### Work required
Pictures must be left out. Retype exactly the lines from the one containing "20 рублей 1993" through the last line of the records below.

- - - - -

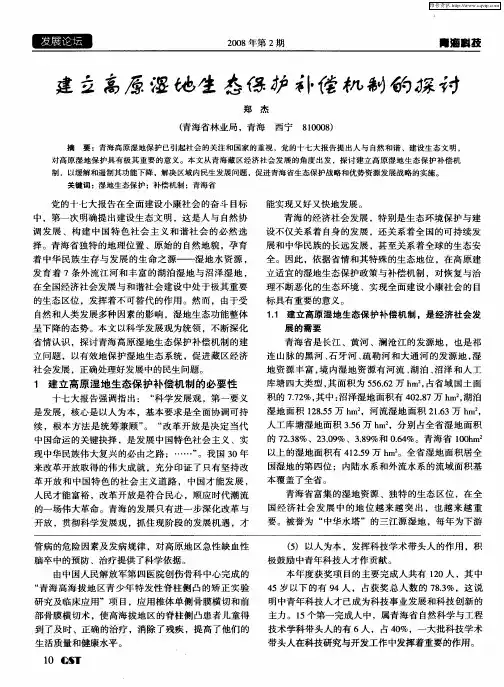 建立高原湿地生态保护补偿机制的探讨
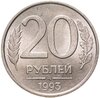 20 рублей 1993 ММД  немагнитные, Аукцион: Monetnik за 22 400 RUB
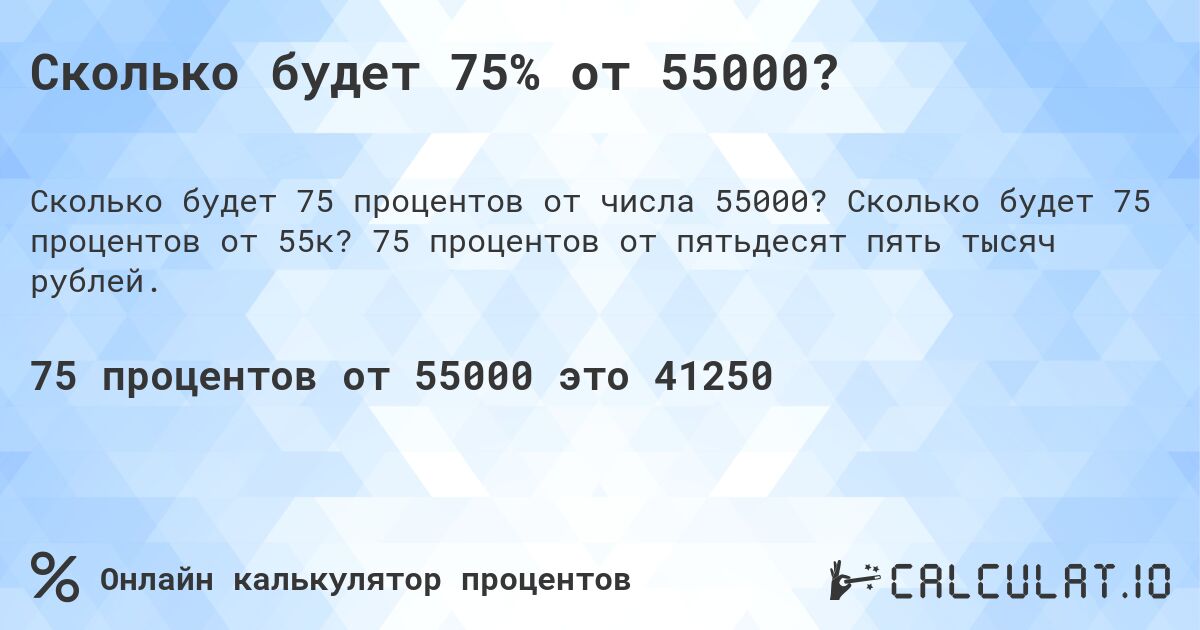 Сколько будет 75% от 55000?. Сколько будет 75 процентов от 55к? 75 процентов от пятьдесят пять тысяч рублей.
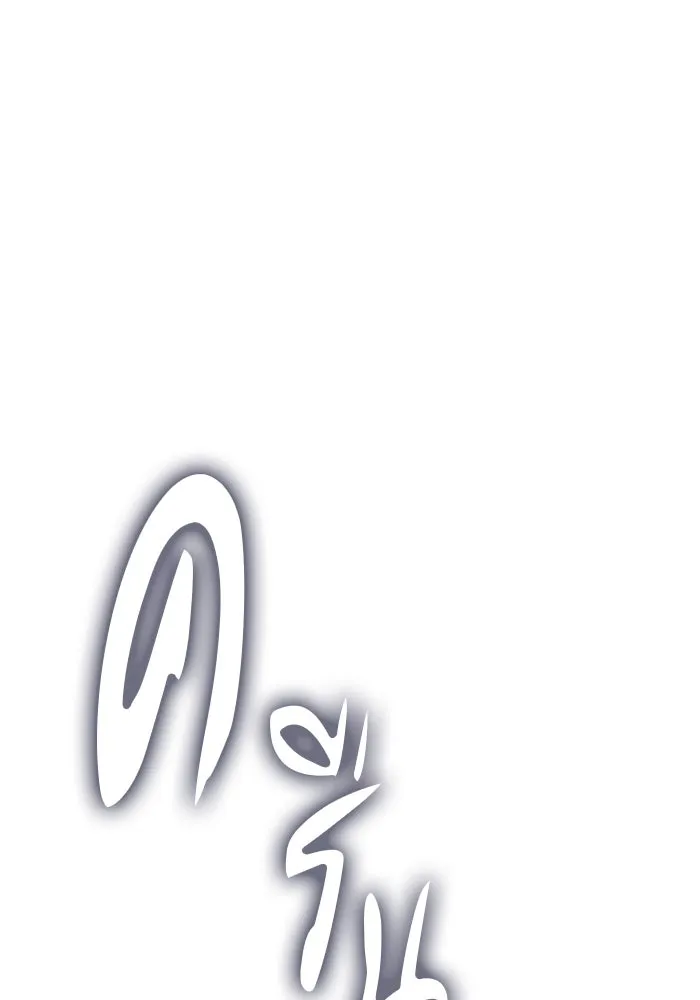 +99 ท่อนไม้พร้อมบวก ตอนที่ 60 ดิเมนชันอีตเตอร์ (8) รูปที่ 253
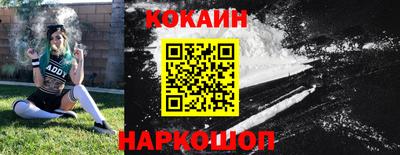 молекула духа Донской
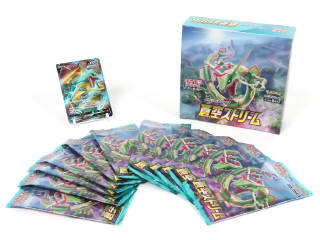 Lot 162 - POKEMON COMPANY (JAPON) (2)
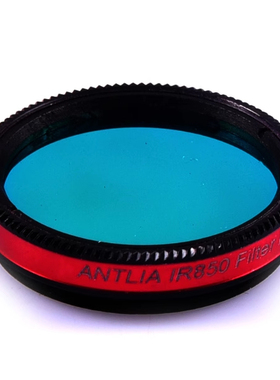 1.25Inch ANTLIA IR850nm 红外滤镜/ IR685 红外滤镜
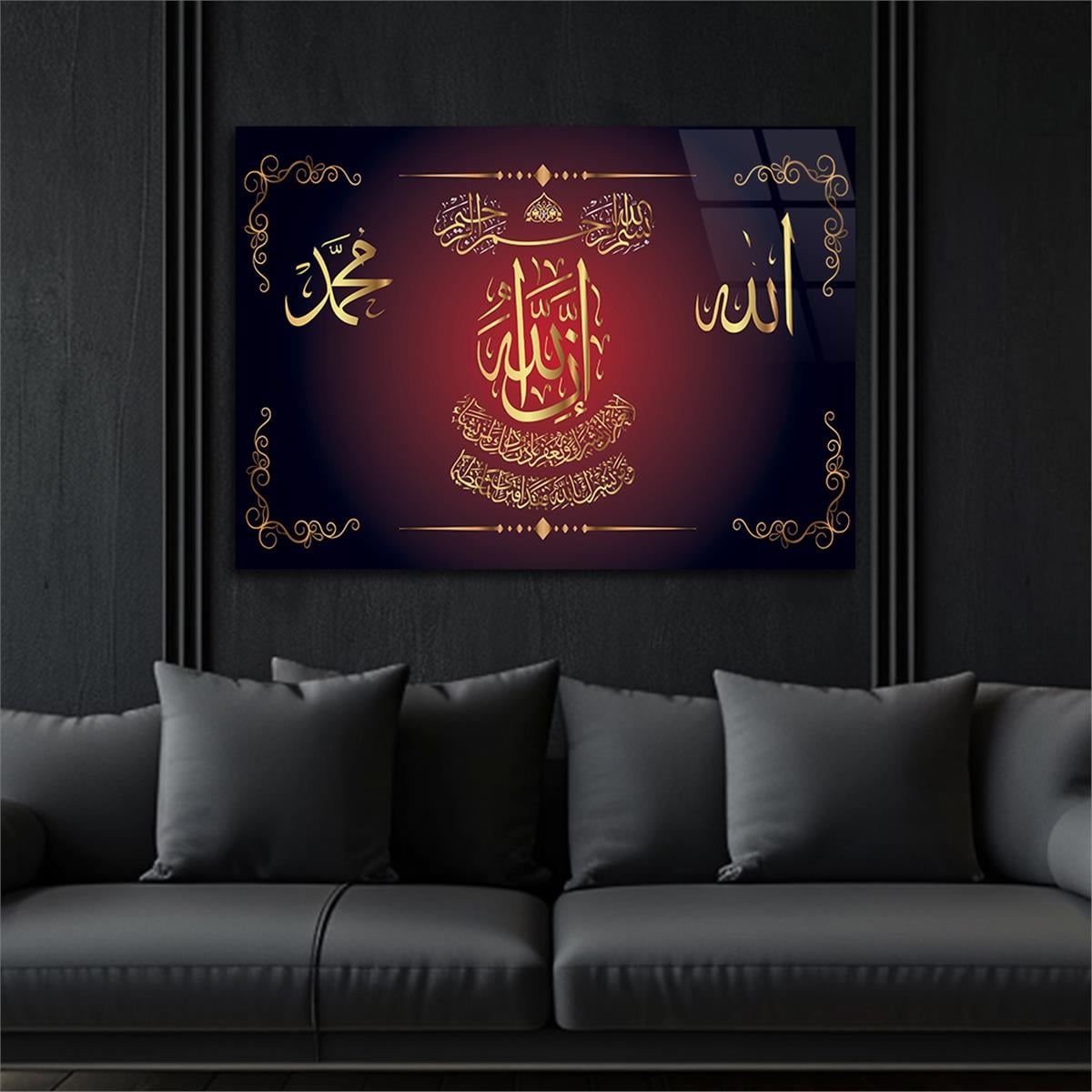 name of  Allah (SWT) and Muhammad (PBUH) VE Surah Al-Nur Verse 35 Allah is the Light of the heavens and the earth Glass Wall Art 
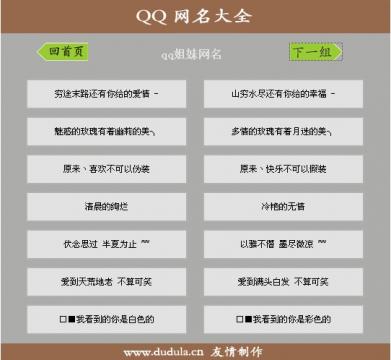 QQ<em>姐妹网名</em>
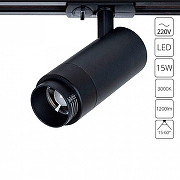 Светильник на штанге Artelamp Merak A3530PL-1BK цвет плафона/подвески Черный, цвет арматуры Черный-1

- - - - -

### Finished task
 20 рублей 1993 ММД  немагнитные, Аукцион: Monetnik за 22 400 RUB
 Сколько будет 75% от 55000?. Сколько будет 75 процентов от 55к? 75 процентов от пятьдесят пять тысяч рублей.
 +99 ท่อนไม้พร้อมบวก ตอนที่ 60 ดิเมนชันอีตเตอร์ (8) รูปที่ 253
 молекула духа Донской
 Lot 162 - POKEMON COMPANY (JAPON) (2)
 1.25Inch ANTLIA IR850nm 红外滤镜/ IR685 红外滤镜
 name of  Allah (SWT) and Muhammad (PBUH) VE Surah Al-Nur Verse 35 Allah is the Light of the heavens and the earth Glass Wall Art 
 QQ<em>姐妹网名</em>
 Светильник на штанге Artelamp Merak A3530PL-1BK цвет плафона/подвески Черный, цвет арматуры Черный-1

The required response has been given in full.